RE: [PATCH REGRESSION] Revert "drm/amdgpu: stop scheduler when calling hw_fini (v2)"

From: Deucher, Alexander
Date: Mon Jan 10 2022 - 11:08:27 EST


[Public]

> -----Original Message-----
> From: Len Brown <lenb417@xxxxxxxxx> On Behalf Of Len Brown
> Sent: Sunday, January 9, 2022 1:12 PM
> To: torvalds@xxxxxxxxxxxxxxxxxxxx
> Cc: linux-pm@xxxxxxxxxxxxxxx; linux-kernel@xxxxxxxxxxxxxxx; Len Brown
> <len.brown@xxxxxxxxx>; Chen, Guchun <Guchun.Chen@xxxxxxx>;
> Grodzovsky, Andrey <Andrey.Grodzovsky@xxxxxxx>; Koenig, Christian
> <Christian.Koenig@xxxxxxx>; Deucher, Alexander
> <Alexander.Deucher@xxxxxxx>; stable@xxxxxxxxxxxxxxx
> Subject: [PATCH REGRESSION] Revert "drm/amdgpu: stop scheduler when
> calling hw_fini (v2)"
>
> From: Len Brown <len.brown@xxxxxxxxx>
>
> This reverts commit f7d6779df642720e22bffd449e683bb8690bd3bf.
>
> This bisected regression has impacted suspend-resume stability since 5.15-
> rc1. It regressed -stable via 5.14.10.
>
> https://nam11.safelinks.protection.outlook.com/?url=https%3A%2F%2Fbugz
> illa.kernel.org%2Fshow_bug.cgi%3Fid%3D215315&amp;data=04%7C01%7Cal
> exander.deucher%40amd.com%7Ccf790be4827f4df9f2d808d9d39b81af%7C3
> dd8961fe4884e608e11a82d994e183d%7C0%7C0%7C637773487569442716%7C
> Unknown%7CTWFpbGZsb3d8eyJWIjoiMC4wLjAwMDAiLCJQIjoiV2luMzIiLCJB
> TiI6Ik1haWwiLCJXVCI6Mn0%3D%7C3000&amp;sdata=AX0TXkyoMhy%2BZqE
> VgRSWMkKd5nPa4WOv%2B1FZHLSErSw%3D&amp;reserved=0
>
> Fixes: f7d6779df64 ("drm/amdgpu: stop scheduler when calling hw_fini (v2)")
> Cc: Guchun Chen <guchun.chen@xxxxxxx>
> Cc: Andrey Grodzovsky <andrey.grodzovsky@xxxxxxx>
> Cc: Christian Koenig <christian.koenig@xxxxxxx>
> Cc: Alex Deucher <alexander.deucher@xxxxxxx>
> Cc: <stable@xxxxxxxxxxxxxxx> # 5.14+
> Signed-off-by: Len Brown <len.brown@xxxxxxxxx>

@Chen, Guchun, @Grodzovsky, Andrey, @Koenig, Christian

Any ideas?
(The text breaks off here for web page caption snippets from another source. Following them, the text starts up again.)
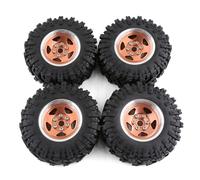 MYUHEDF RC Wheel Rim Tyre For 1:10 4PCS 98MM 1.9" For Super Viscosity Rubber For Rock Tyres Wheel Tires With Beadlock Rim RC Crawler Accessories Replacement(Yellow)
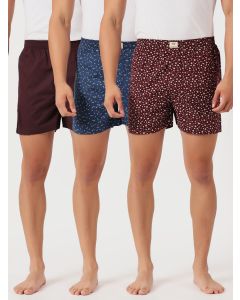 Multicolor Cricket Club Regular Fit 100% Cotton Woven Boxer Shorts (Pack of 3)
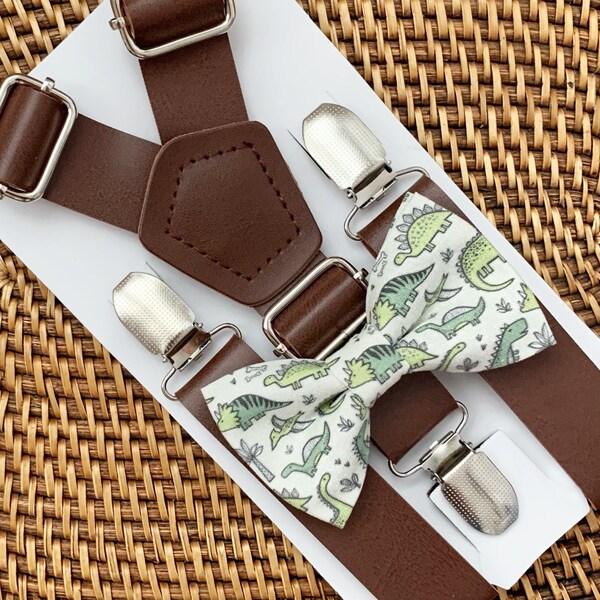 Dinosaur Bow Tie & Brown Suspenders Set, Ring Bearer Outfit Gift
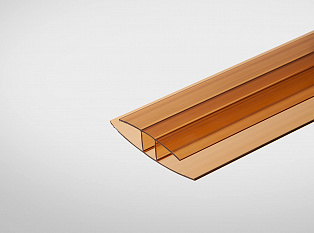 Профиль неразъемный соединительный для поликарбоната 10 мм янтарный 6 м Колибри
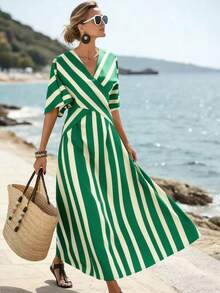 SHEIN Holidaya 女士黄色条纹宽松度假春夏V领修身蝙蝠袖连衣裙，适合度假、休闲、居家和日常活动 - Limelight Green - 查看 4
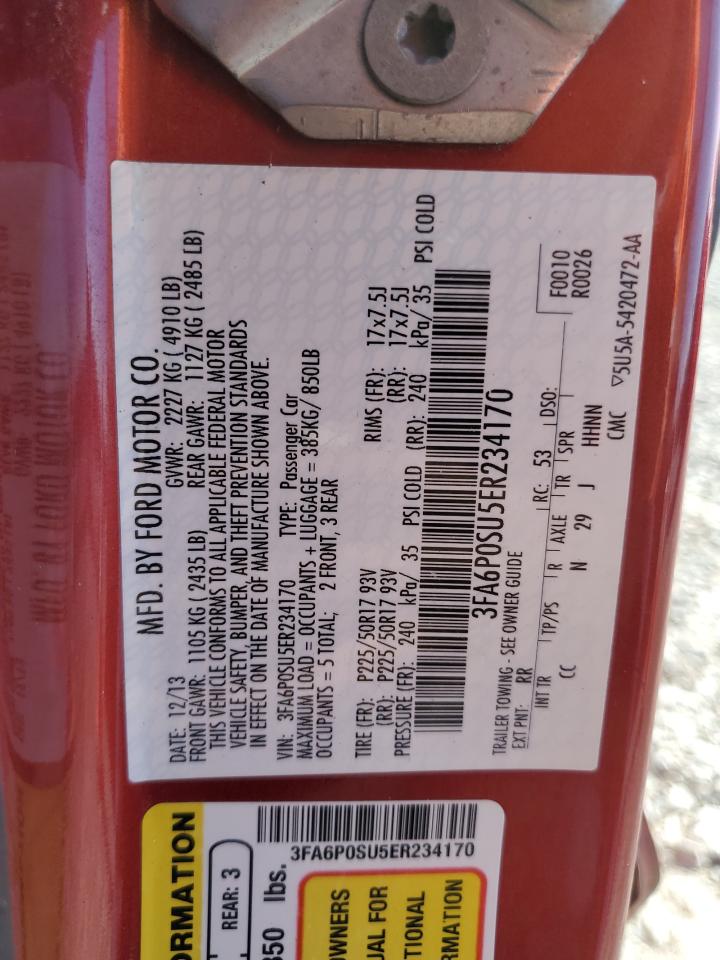 2014 Ford Fusion Titanium Phev VIN: 3FA6P0SU5ER234170 Lot: 87471835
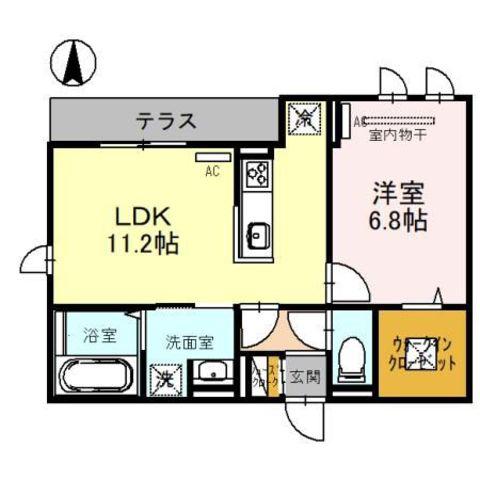 D-ROOM今川 C棟(1LDK/1階)の間取り写真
What's the consequence of reverting this patch? Didn't this patch fix another suspend/resume issue?

Alex

> ---
> drivers/gpu/drm/amd/amdgpu/amdgpu_fence.c | 8 --------
> 1 file changed, 8 deletions(-)
>
> diff --git a/drivers/gpu/drm/amd/amdgpu/amdgpu_fence.c
> b/drivers/gpu/drm/amd/amdgpu/amdgpu_fence.c
> index 9afd11ca2709..45977a72b5dd 100644
> --- a/drivers/gpu/drm/amd/amdgpu/amdgpu_fence.c
> +++ b/drivers/gpu/drm/amd/amdgpu/amdgpu_fence.c
> @@ -547,9 +547,6 @@ void amdgpu_fence_driver_hw_fini(struct
> amdgpu_device *adev)
> if (!ring || !ring->fence_drv.initialized)
> continue;
>
> - if (!ring->no_scheduler)
> - drm_sched_stop(&ring->sched, NULL);
> -
> /* You can't wait for HW to signal if it's gone */
> if (!drm_dev_is_unplugged(adev_to_drm(adev)))
> r = amdgpu_fence_wait_empty(ring);
> @@ -609,11 +606,6 @@ void amdgpu_fence_driver_hw_init(struct
> amdgpu_device *adev)
> if (!ring || !ring->fence_drv.initialized)
> continue;
>
> - if (!ring->no_scheduler) {
> - drm_sched_resubmit_jobs(&ring->sched);
> - drm_sched_start(&ring->sched, true);
> - }
> -
> /* enable the interrupt */
> if (ring->fence_drv.irq_src)
> amdgpu_irq_get(adev, ring->fence_drv.irq_src,
> --
> 2.25.1